一、本件土地が被控訴人の所有であるところ、この土地について被控訴人主張のような根抵当権設定登記がなされていることは、当事者間に争いがない。

二、控訴人は「被控訴人は本件土地に根抵当権を設定することを承諾し、古屋武夫に実印を交付して根抵当権設定契約締結のための代理権を与えたものである」と主張するので、まずこの点につき判断するのに、(証拠)を総合すれば、つぎの事実が認められる。

昭和三四年五月頃、古屋武夫と宮沢文武とは、両名が共同経営をしている有限会社古屋木工の事業資金にあてるため、以前から宮沢及び古屋木工と取引があつた控訴人から金融を得ようとしたが、それには担保物件を要するので、両名は、古屋武夫の妻の弟でこれまでも古屋に資金上の援助をしていた被控訴人に対し、その所有土地を担保に供するよう依頼し、その同意を得、その後古屋武夫は被控訴人から権利証が見当らないから保証書で登記するようにといつて、印鑑の交付を受け一切の手続を一任された。

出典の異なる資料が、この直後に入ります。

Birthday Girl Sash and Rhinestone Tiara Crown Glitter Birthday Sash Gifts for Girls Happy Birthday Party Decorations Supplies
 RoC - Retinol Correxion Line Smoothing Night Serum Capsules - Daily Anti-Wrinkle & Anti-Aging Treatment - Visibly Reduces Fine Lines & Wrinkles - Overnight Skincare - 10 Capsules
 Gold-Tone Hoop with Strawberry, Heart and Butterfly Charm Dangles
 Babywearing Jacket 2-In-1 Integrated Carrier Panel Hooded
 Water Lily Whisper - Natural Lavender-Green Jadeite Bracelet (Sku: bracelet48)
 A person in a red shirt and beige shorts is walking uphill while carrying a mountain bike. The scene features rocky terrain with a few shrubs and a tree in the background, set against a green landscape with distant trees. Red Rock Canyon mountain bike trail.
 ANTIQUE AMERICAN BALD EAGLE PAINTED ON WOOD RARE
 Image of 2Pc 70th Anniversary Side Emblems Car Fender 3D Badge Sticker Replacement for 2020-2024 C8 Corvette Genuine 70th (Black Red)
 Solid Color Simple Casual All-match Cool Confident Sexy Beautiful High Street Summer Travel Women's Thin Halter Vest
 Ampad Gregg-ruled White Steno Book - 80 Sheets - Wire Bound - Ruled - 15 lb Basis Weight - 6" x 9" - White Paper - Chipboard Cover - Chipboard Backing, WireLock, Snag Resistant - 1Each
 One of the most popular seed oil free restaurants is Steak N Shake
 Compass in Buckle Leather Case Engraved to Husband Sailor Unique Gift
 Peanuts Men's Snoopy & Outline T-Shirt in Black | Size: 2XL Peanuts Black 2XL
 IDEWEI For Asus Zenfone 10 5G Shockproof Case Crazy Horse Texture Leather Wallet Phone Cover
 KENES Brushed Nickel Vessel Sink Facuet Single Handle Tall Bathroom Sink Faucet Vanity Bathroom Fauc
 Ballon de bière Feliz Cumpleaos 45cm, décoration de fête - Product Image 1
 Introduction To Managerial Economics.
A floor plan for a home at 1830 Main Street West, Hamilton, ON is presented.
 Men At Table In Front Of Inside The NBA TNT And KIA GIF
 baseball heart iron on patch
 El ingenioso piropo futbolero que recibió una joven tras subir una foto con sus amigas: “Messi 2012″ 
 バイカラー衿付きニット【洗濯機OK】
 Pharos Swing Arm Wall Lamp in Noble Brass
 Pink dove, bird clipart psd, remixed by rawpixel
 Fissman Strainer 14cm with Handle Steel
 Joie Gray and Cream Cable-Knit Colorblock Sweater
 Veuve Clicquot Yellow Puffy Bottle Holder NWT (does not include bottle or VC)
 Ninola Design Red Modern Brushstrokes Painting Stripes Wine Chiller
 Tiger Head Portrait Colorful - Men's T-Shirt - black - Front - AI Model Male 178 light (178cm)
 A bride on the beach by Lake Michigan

他方、宮沢と古屋は控訴人の専務理事田村慶治に金融をしてもらいたいと申込み、田村は両名を同道して被控訴人が担保に供するという本件土地を検分のうえ一〇〇万円の限度で金融することを承諾し、同月上旬中控訴人の本店で貸付課長石原雄次と宮沢、古屋とが話合い、控訴人においては従来の取引状態を考慮し、主債務者は古屋木工でなく宮沢とすることを求めたので、宮沢、古屋は宮沢を主債務者として借受けた金員を古屋木工の資金に充てることとし、結局債務者宮沢、連帯保証人古屋武夫、連帯保証人兼根抵当権設定者被控訴人とする債権極度額一〇〇万円、利息日歩四銭以内、遅延損害金五銭等の内容を有する根抵当権付手形取引契約を結んだ。そして、その旨記載された(ただし各人の署名を欠く)根抵当権設定手形取引契約書用紙に一〇〇万円の文字を記入し、これと根抵当権設定登記申請のための控訴人白紙委任状を宮沢に交付し、同人は同月一一日司法書士鎌倉昭二に登記に必要な書類の作成及び登記申請の手続を依頼した。

そこで鎌倉は、右契約書に宮沢、古屋被控訴人の名を記入し、宮沢、古屋の名下に各本人に捺印させ、被控訴人の名下には古屋に前記保管中の被控訴人の印をおさせ、契約書を完成し、さらに司法書士林元扶に依頼して本件不動産の保証書を作成してもらい、自己を代理人とする控訴人及び被控訴人の根抵当権設定登記委任状及び土地抵当権設定登記申請書を作成し、別に古屋をして被控訴人の印鑑を使用してその印鑑証明書をとらせておき、以上の書類を使用して本件登記手続を申請したのである。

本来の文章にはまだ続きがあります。